Wall Street Journal Examines Prescription Drug Cost ‘Battle’ at Veterans Affairs Department
The Wall Street Journal today examines how the Department of Veterans Affairs has become "a unique testing ground of government and industry interplay" in the "battle" over rising prescription drug prices. Specifically, the Journal looks at VA guidelines for prescribing olanzapine, an atypical antipsychotic drug effective in treating schizophrenia and sold by Eli Lilly & Co. under the name Zyprexa. Recently, the VA issued guidelines that "encourag[ed]" doctors to prescribe two less-expensive atypical antipsychotic drugs -- risperidon, sold under the name Risperdal by Johnson & Johnson's Janssen Pharmaceutica, and quetiapine, sold under the name Seroquel by AstraZeneca PLC. In response to the guidelines, Lilly agreed to reduce the price of Zyprexa by "at least an added 10%" -- it was already discounted 24% -- if the VA agreed to "assur[e] equal access" to the drug. Instead, the VA recommended that doctors prescribe Zyprexa only after patients took Risperdal or Seroquel for 10 weeks. That proposal prompted mental health and veterans advocates to accuse the VA of taking a "fail first" approach to treating people with schizophrenia. The Journal reports that tension over the issue mounted as internal memos revealed that VA doctors "felt pressured" to not prescribe Zyprexa.

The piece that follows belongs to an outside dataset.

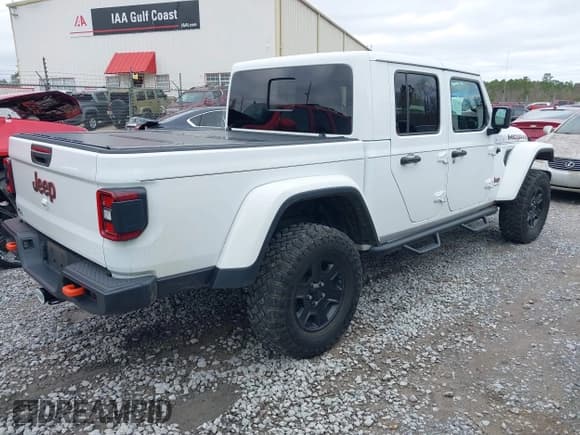 ✅ 2020 Jeep Gladiator Mojave • VIN: 1C6JJTEG7LL206581 • Lot: 41247922. Listed on IAAI with 27,876 mi. Free auction sales archive from the USA and detailed vehicle history report at DreamBid. Image 4.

Lilly then hired a lobbying firm and enlisted the support of the National Alliance for the Mentally Ill, which receives 40% of its funding from 15 managed care and drug companies, including Lilly. During VA budget talks in the House in July 2001, NAMI asked lawmakers to include language in the appropriations bill that would "bloc[k]" the VA guidelines until a clinical study by the National Institute of Mental Health confirmed the relative effectiveness of the antipsychotics. "Frustrat[ed] with both warring parties," Congress and the VA reached a "compromise" directing the VA to give doctors discretion in prescribing antipsychotics but also stating that "price, market share and corporate interest [shouldn't] figure into choosing the best drug to treat mental illness." Deborah Steelman, a Lilly vice president, said, "What we had here was a payer aligned against a vendor and aligned against patient interests." But Andrew Muniz, deputy chief consultant for the VA pharmacy program, said the VA "can't leave the utilization of [antipsychotics] up to the marketing of industry." Robert Lynch, the VA's regional director for the central South, added, "This is a multibillion (dollar) issue for a company trying to protect market share. What we are is a multibillion (dollar) health care institution trying to stretch tax dollars. This is the inevitable conflict."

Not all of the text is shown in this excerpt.